Bena, a community that is situated about 16km from Bajawa at the foot of Mount Inerie, is the most famous and also most visited village in the Ngada district. With its impressive stone formations and ancestral shrines, as well as traditional houses, Bena has turned into a signpost for Ngada culture. The village consists of two parallel rows of traditional, high thatch-roofed houses. Highly visible in the center of the village are ngadhu and bhaga, pairs of shrines – one for each clan of the village – representing the clan’s ancestors. The ngadhu is an anthropomorphic umbrella-like pole embodying the male ancestor of a clan. The trunk is decorated with carvings and is topped with a warrior-like figure. The ngadhu symbolizes fierceness and virility. After a new ngadhu has been carved out of a special tree, the men of the village carry the pole in a ceremonial way into the village.
The bhaga, a female ancestral clan shrine, is a small hut with a thatched roof that resembles a miniature of a traditional house. It symbolizes the sanctuary of the house and the female body. The bhaga offers enough space for one to two persons to hold rituals for female ancestors.
Another distinct feature of Ngada culture, of which Bena offers an awesome sight, are the megalithic formations in the village center. Megaliths are a means to connect with the supernatural realm and to communicate with the ancestors, often by animal sacrifice. As with the ngadhu and bhaga shrines, there is also a stone altar to every village clan. Additionally, a massive pile of flat stones, called lenggi, represents a court where the different clans of the village settle their legal disputes. If you look closer at the houses in Bena, you often find them decorated with skulls and horns of water buffaloes and pig jaws which were sacrificed at different ceremonies.

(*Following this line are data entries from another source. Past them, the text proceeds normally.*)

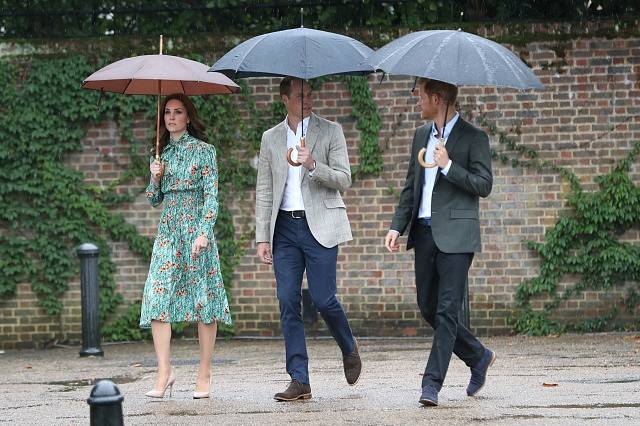 Princové William a Harry s Kate při návštěvě památníku princezny Diany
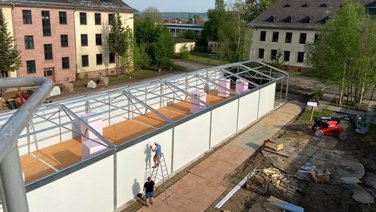 Façade_attachment_for_a_lightweight_building_for_refugees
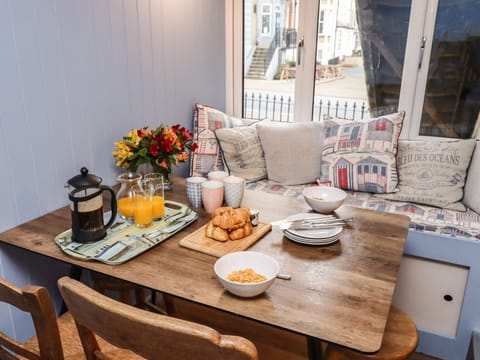 Cottage | Interior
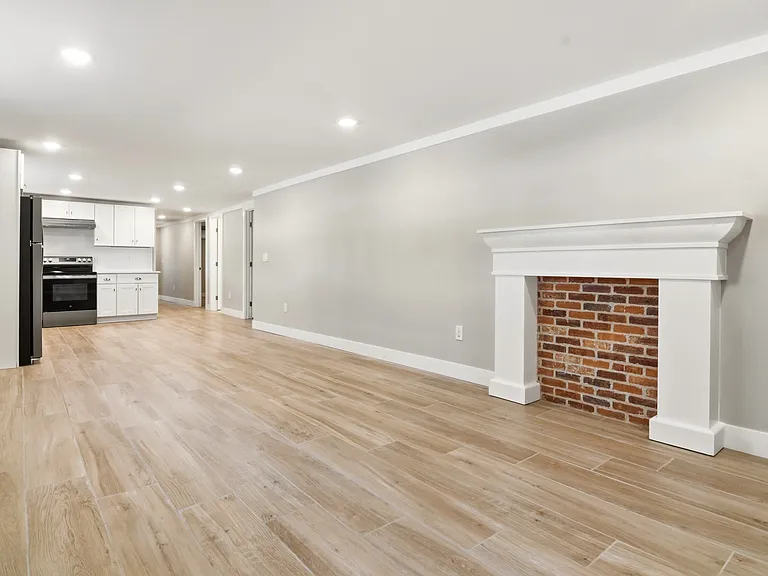1592 Meade St #B — Photo 10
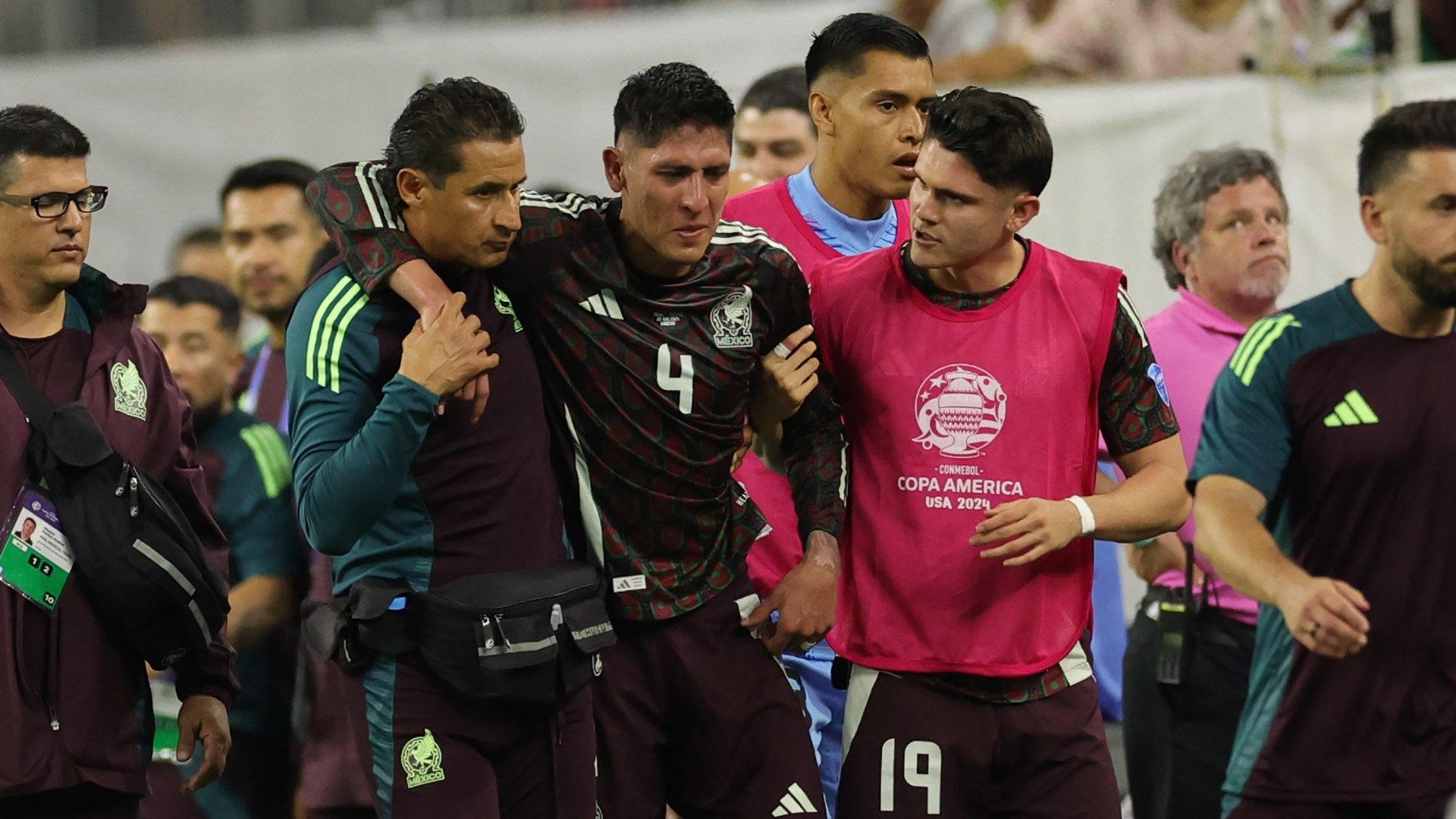 Mexico and West Ham superstar Edson Alvarez carried off the pitch with leg injury in Copa America clash vs Jamaica | Goal.com Ghana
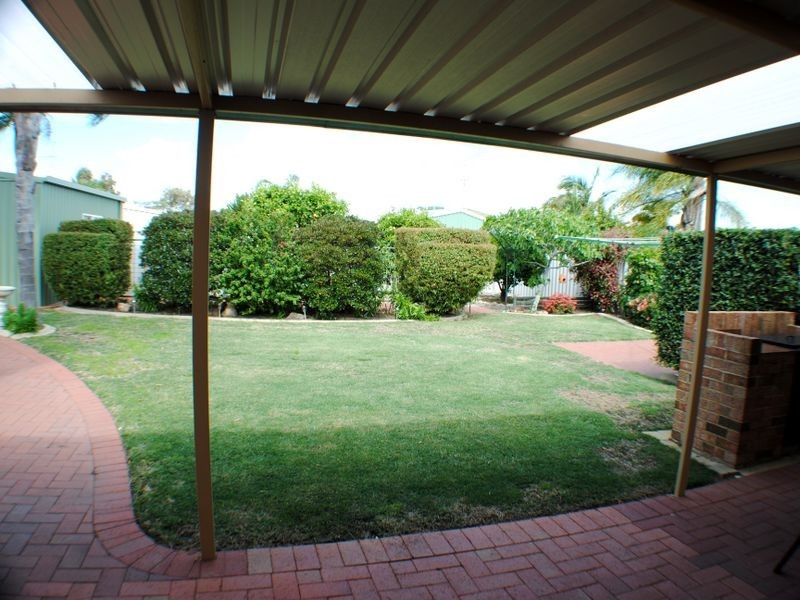 5 Castleward Place, Erskine WA 6210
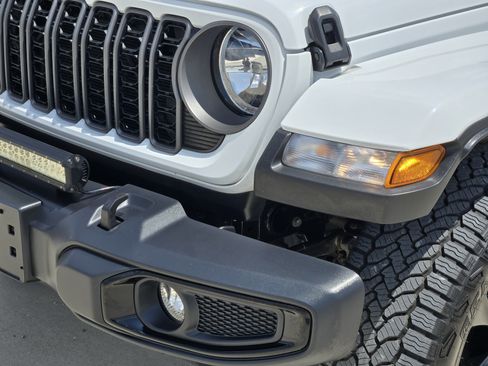 Used 2025 Jeep Gladiator Sport AWD/4WD image 9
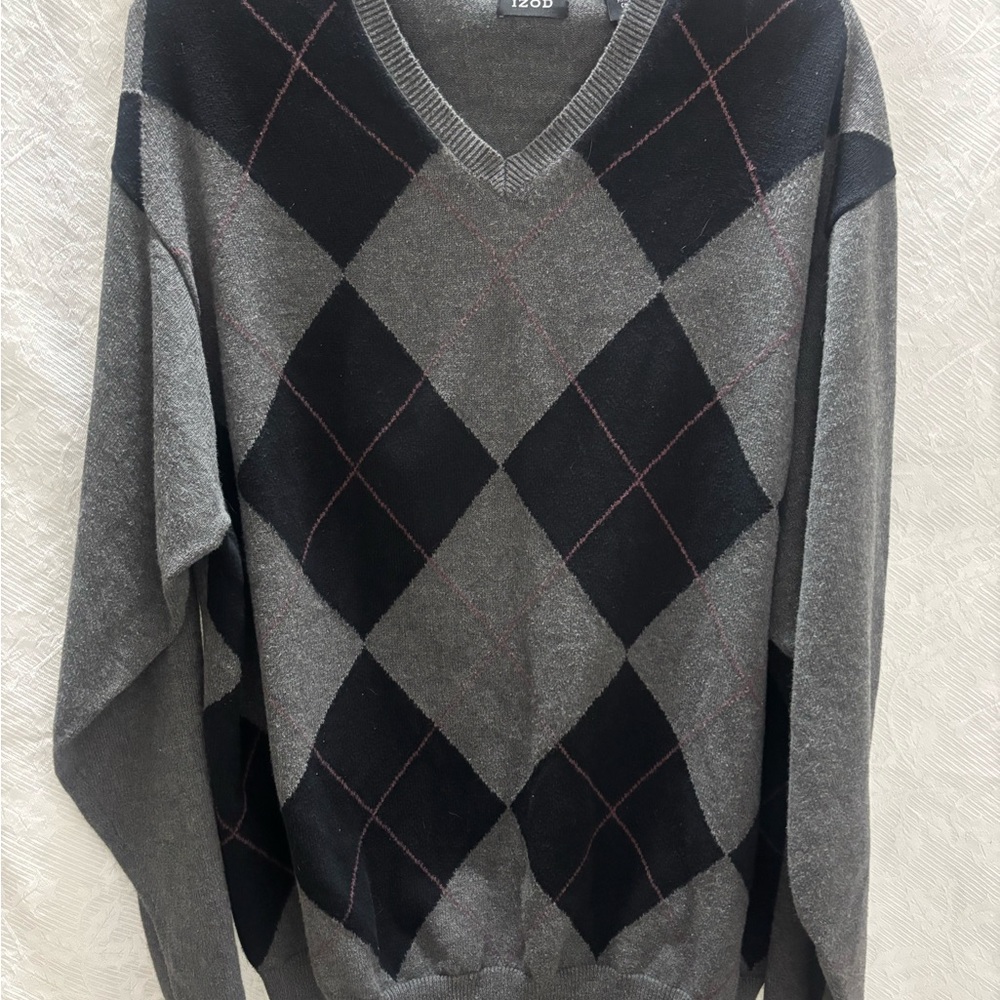 Izod Men's V-Neck Argyle Sweater - Gray and Black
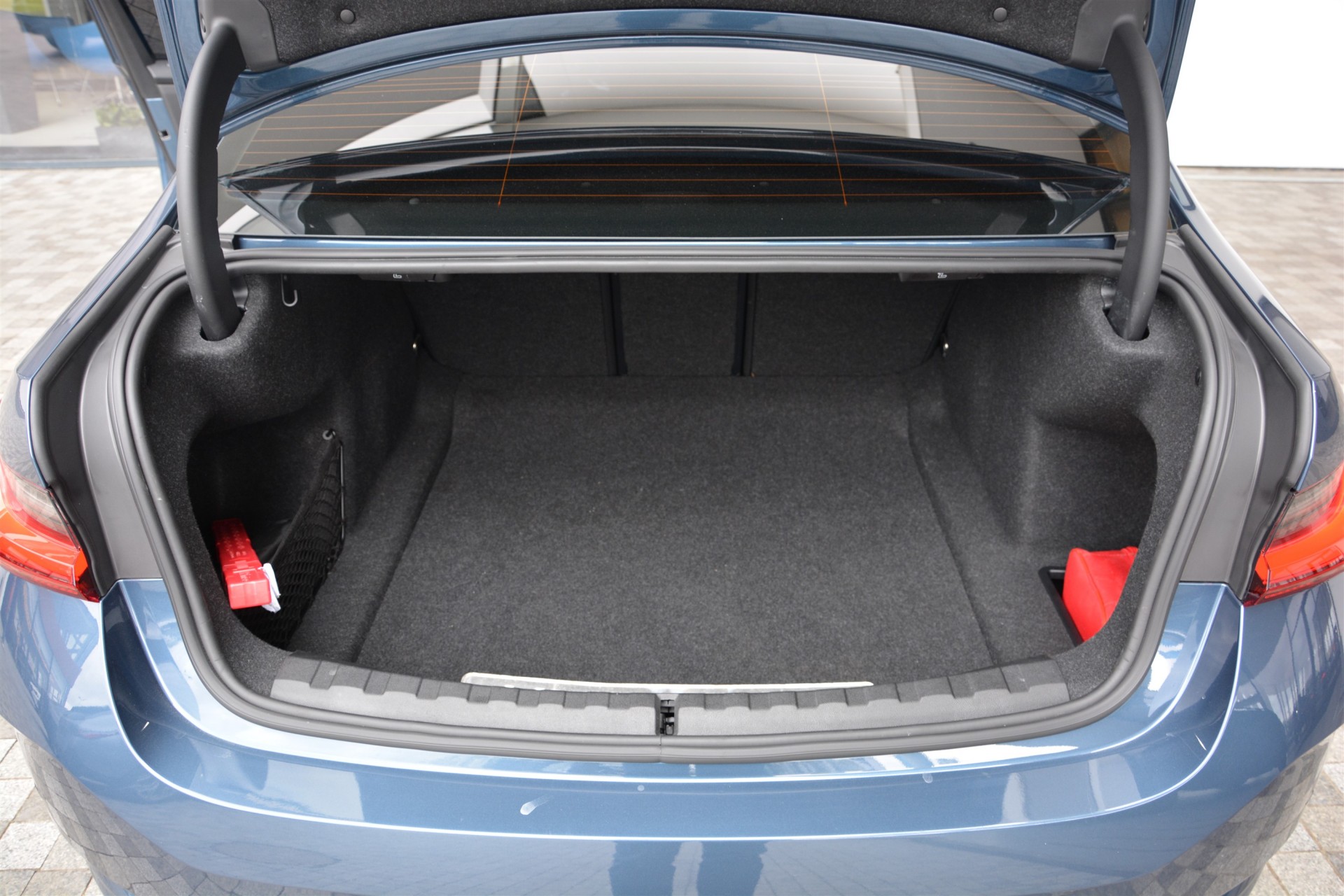 BMW 3 Series 320i xDrive 8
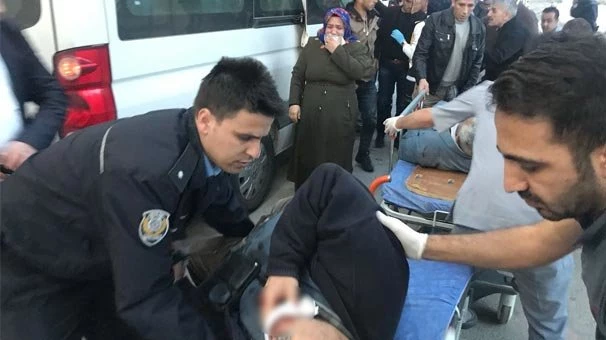 Feci kaza! Yolcu otobüsüyle kamyon çarpıştı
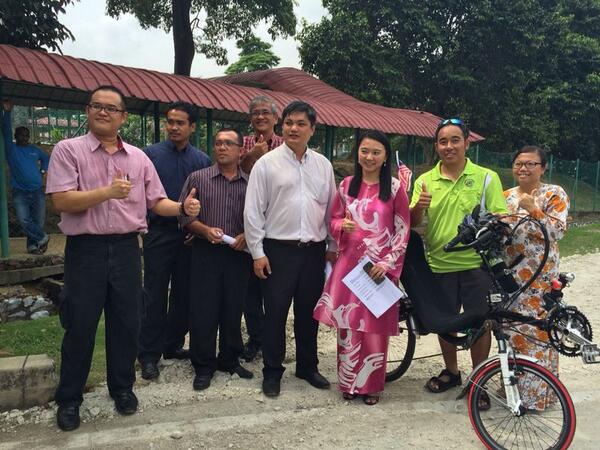 hannahyeoh's tweet photo. This RM519K project will be completed on 31 Aug. Bicycle lane is 2.4km long x 2.4m wide. http://t.co/RxiDXBEnOS
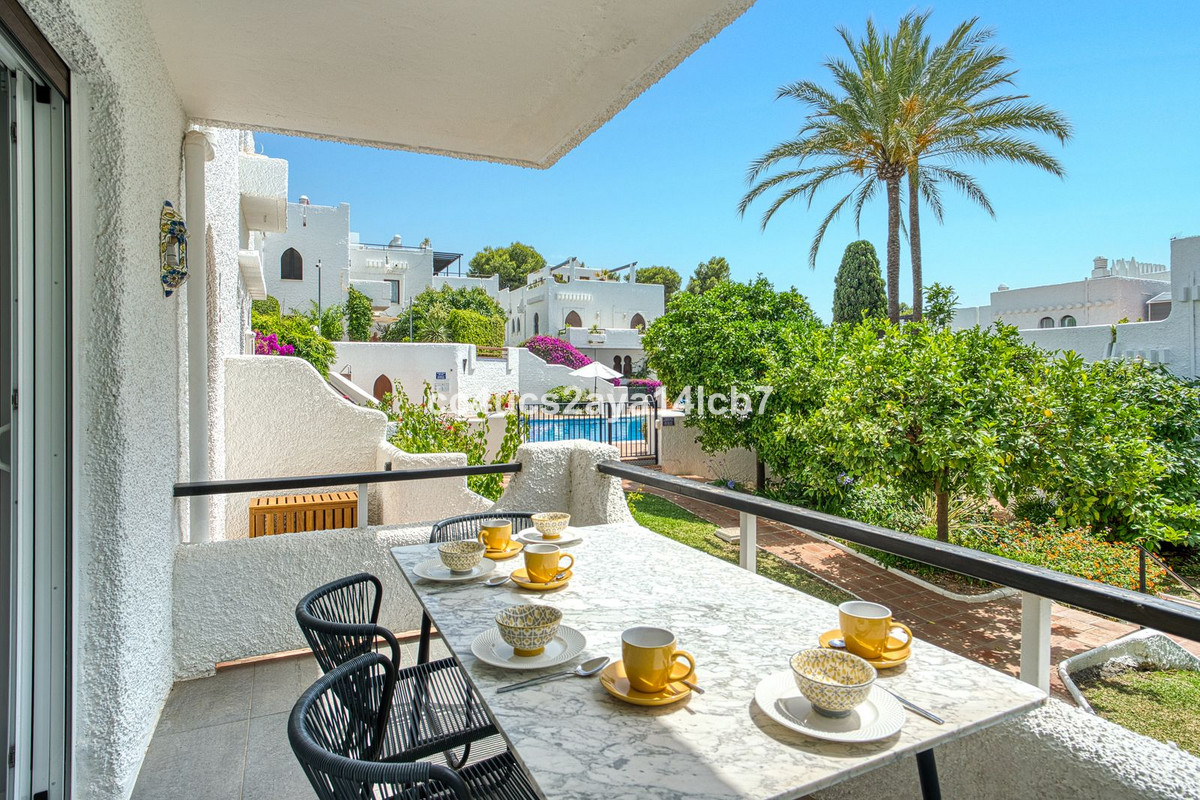 3 Bed Townhouse for sale in Nueva Andalucía Costa Del Sol, Málaga, Spain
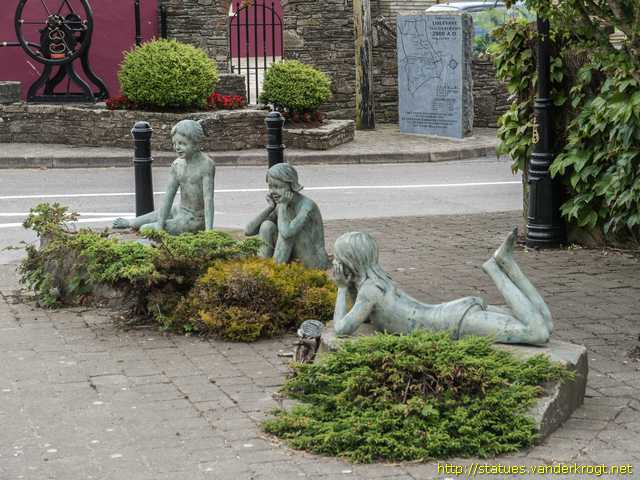Lislevane - Lios Leamháin /  Children Sculpture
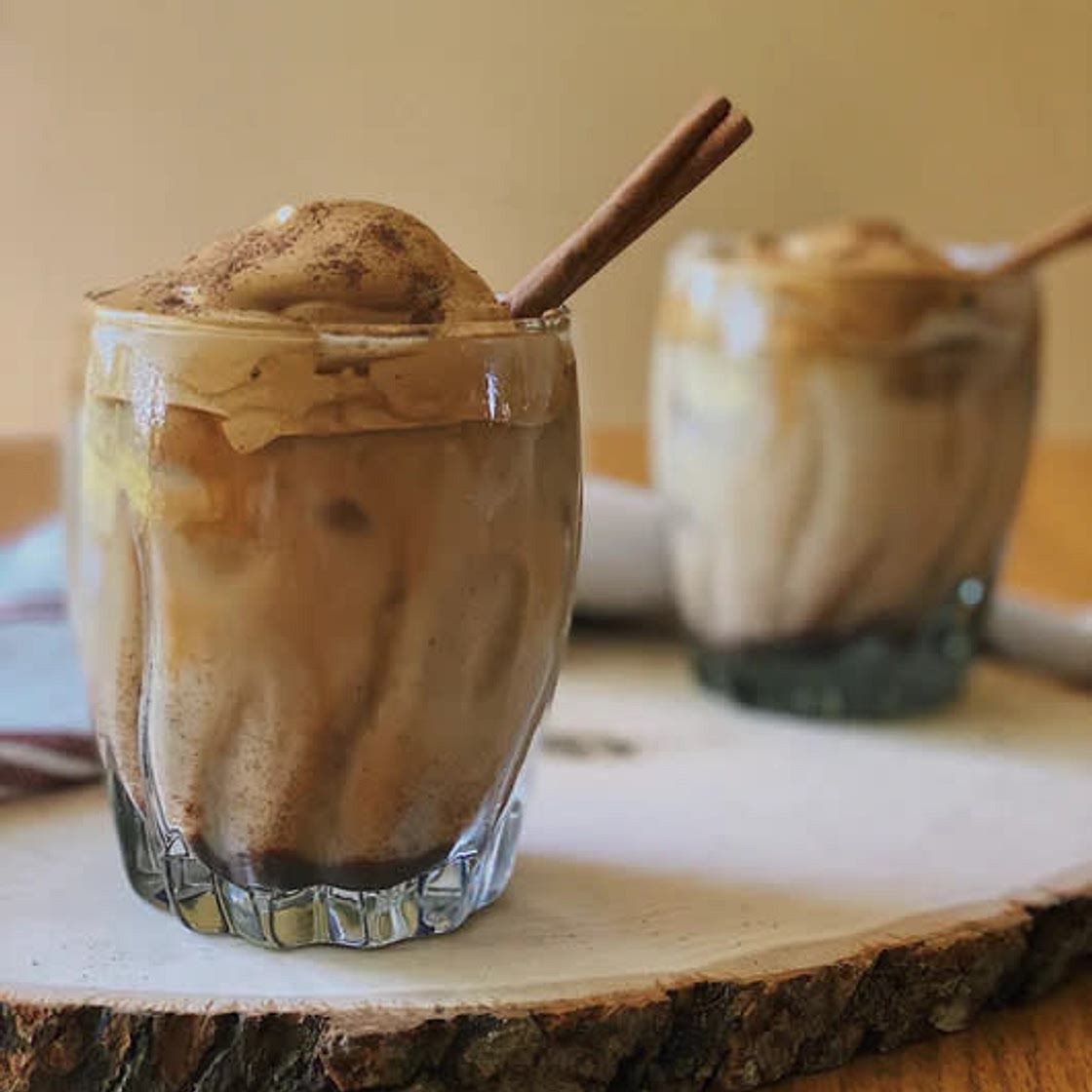 Chocolate oatmilk smoothie with Dalgona 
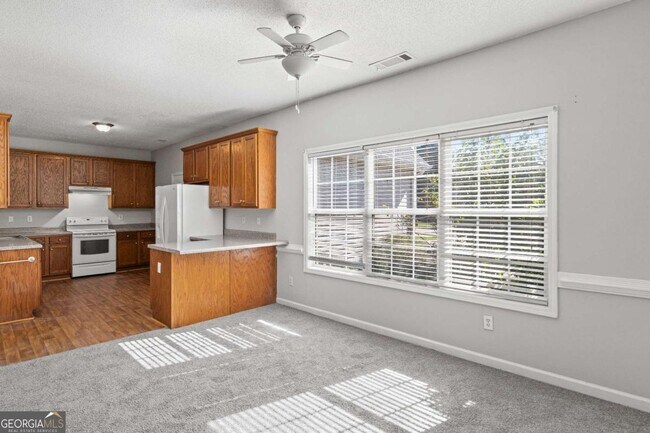 Building Photo - 935 City Park Dr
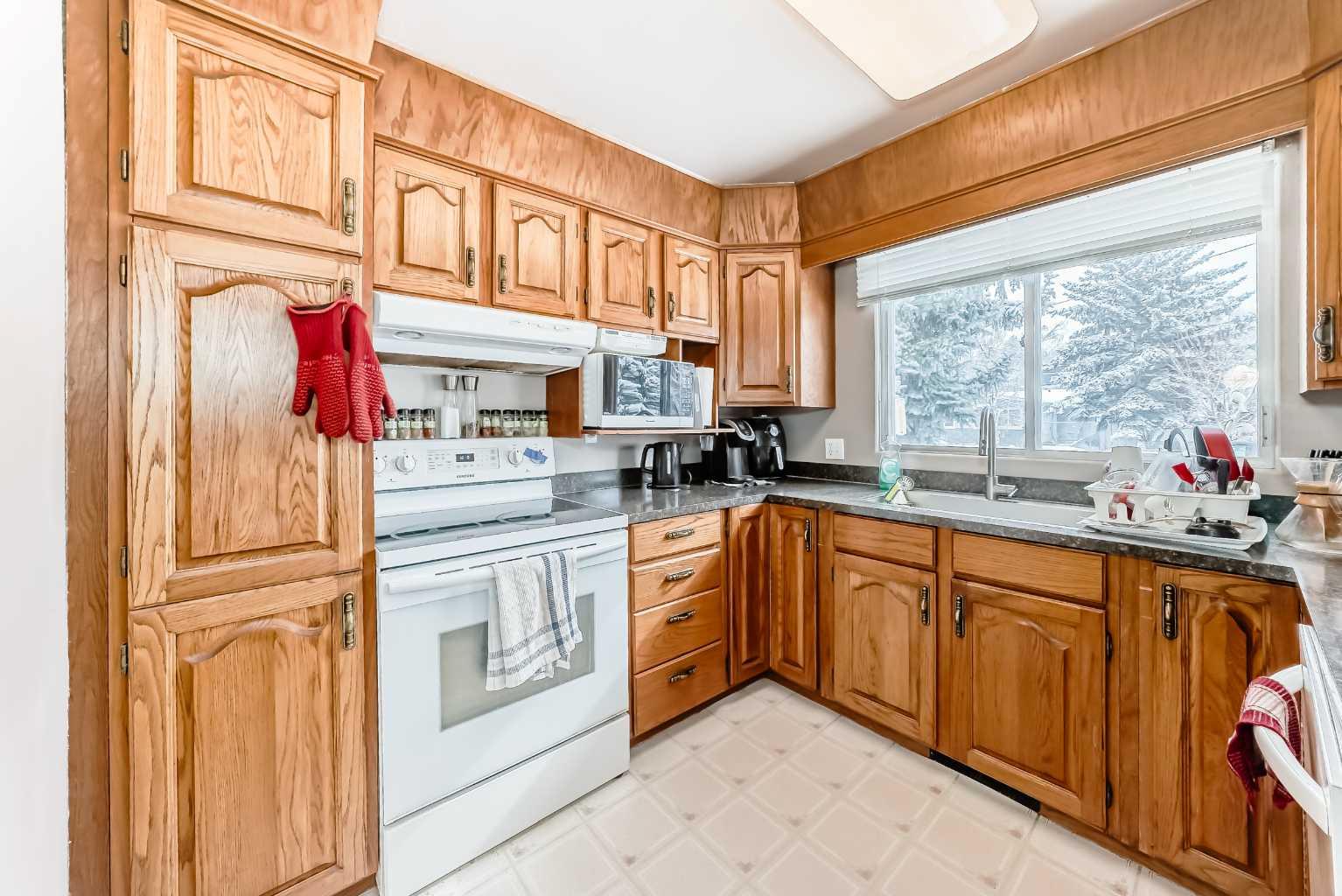 1228 Rosehill Drive NW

Visitors can buy locally crafted ikat, or tie-dyed woven cloth, in Bena. The sarong, which is a large tube of woven cloth, is often worn wrapped around the waist, both by men and women. The ikat weaving motifs range from animal patterns like horses, chickens, elephants, and the sacred ngadhu and bagha symbols. At the end of the village, elevated on a small hill, a viewpoint with a Virgin Mary shrine gives you the opportunity to have a bird eye’s view over Bena and a wider view of the beautiful surrounding landscape, including Mount Inerie and the Savu Sea. The visit to Bena can also be combined with a hike that passes the villages of Tololela and Gurusina before ending at the Malanage Hot Springs.